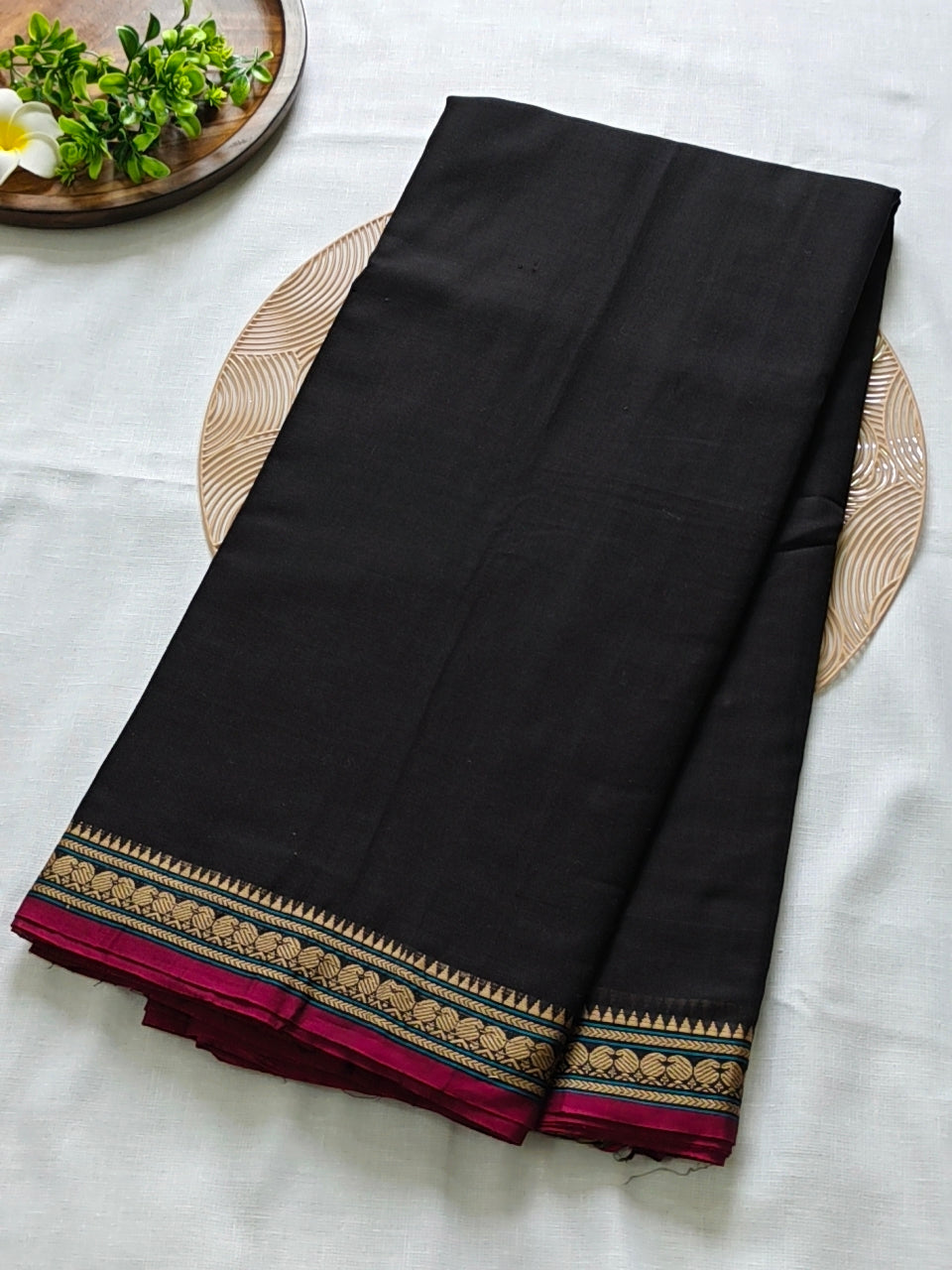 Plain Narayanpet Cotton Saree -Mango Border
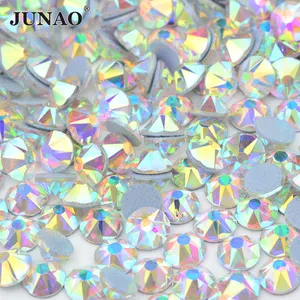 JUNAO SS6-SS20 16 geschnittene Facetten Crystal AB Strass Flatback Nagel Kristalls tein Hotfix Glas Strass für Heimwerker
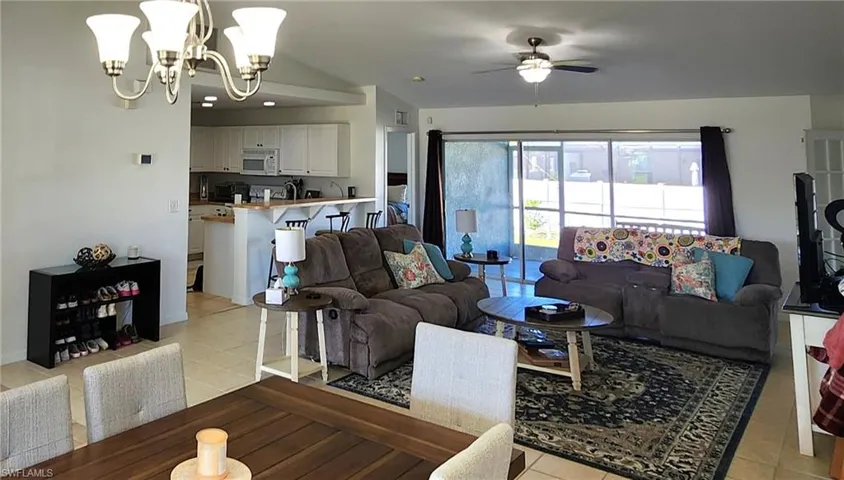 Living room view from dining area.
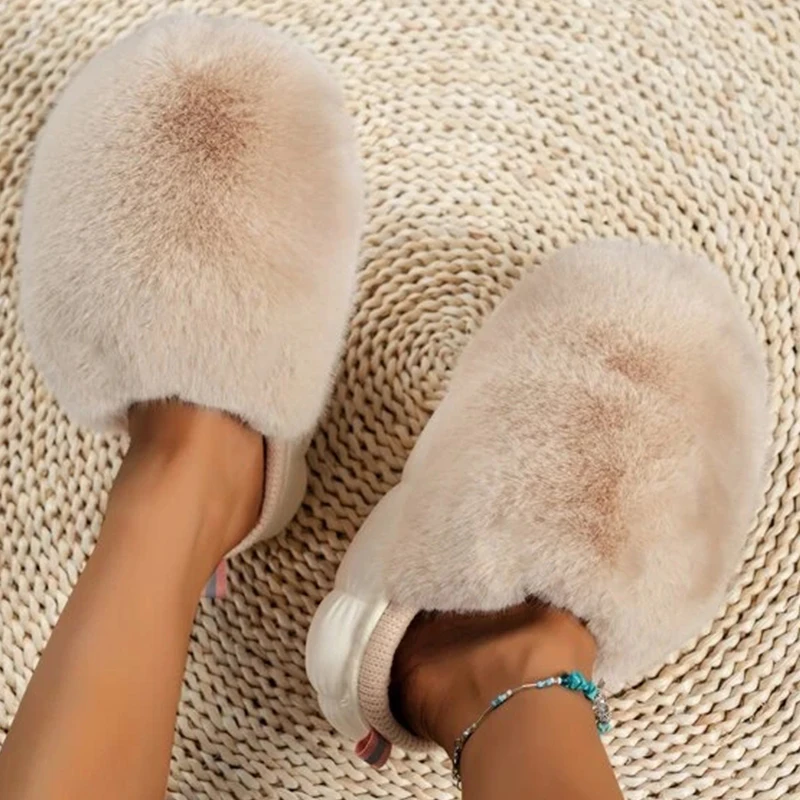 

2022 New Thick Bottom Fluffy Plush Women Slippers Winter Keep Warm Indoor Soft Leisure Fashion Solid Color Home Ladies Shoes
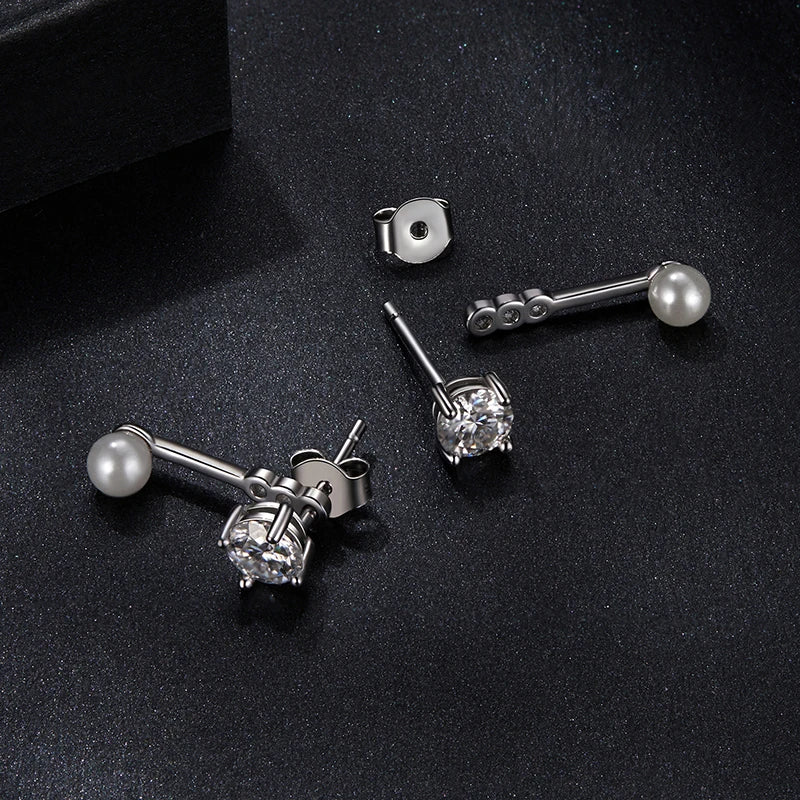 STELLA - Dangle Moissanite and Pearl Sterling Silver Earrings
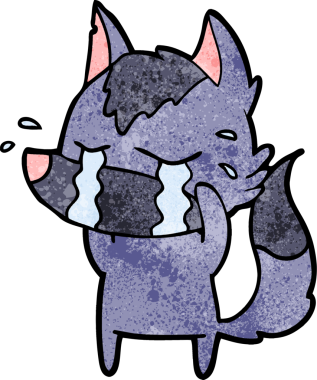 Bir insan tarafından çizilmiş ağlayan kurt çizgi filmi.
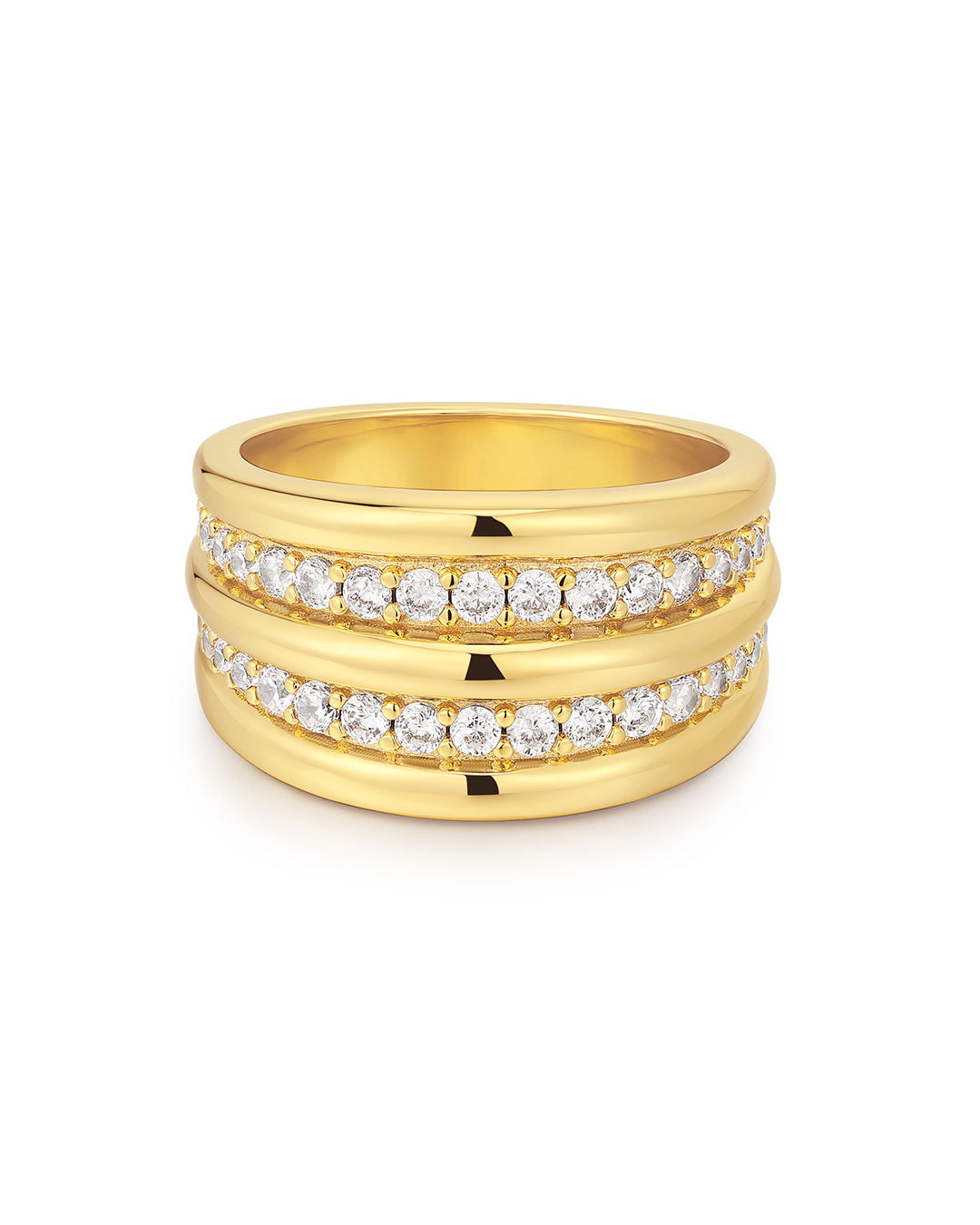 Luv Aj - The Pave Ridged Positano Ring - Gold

_WHAT THE TASK REQUIRES_.
Please give back the material above exactly as written, pictures omitted.

_OUTPUT_.
 Plain Narayanpet Cotton Saree -Mango Border
 JUNAO SS6-SS20 16 geschnittene Facetten Crystal AB Strass Flatback Nagel Kristalls tein Hotfix Glas Strass für Heimwerker
 Living room view from dining area.

2022 New Thick Bottom Fluffy Plush Women Slippers Winter Keep Warm Indoor Soft Leisure Fashion Solid Color Home Ladies Shoes
 STELLA - Dangle Moissanite and Pearl Sterling Silver Earrings
 Bir insan tarafından çizilmiş ağlayan kurt çizgi filmi.
 Luv Aj - The Pave Ridged Positano Ring - Gold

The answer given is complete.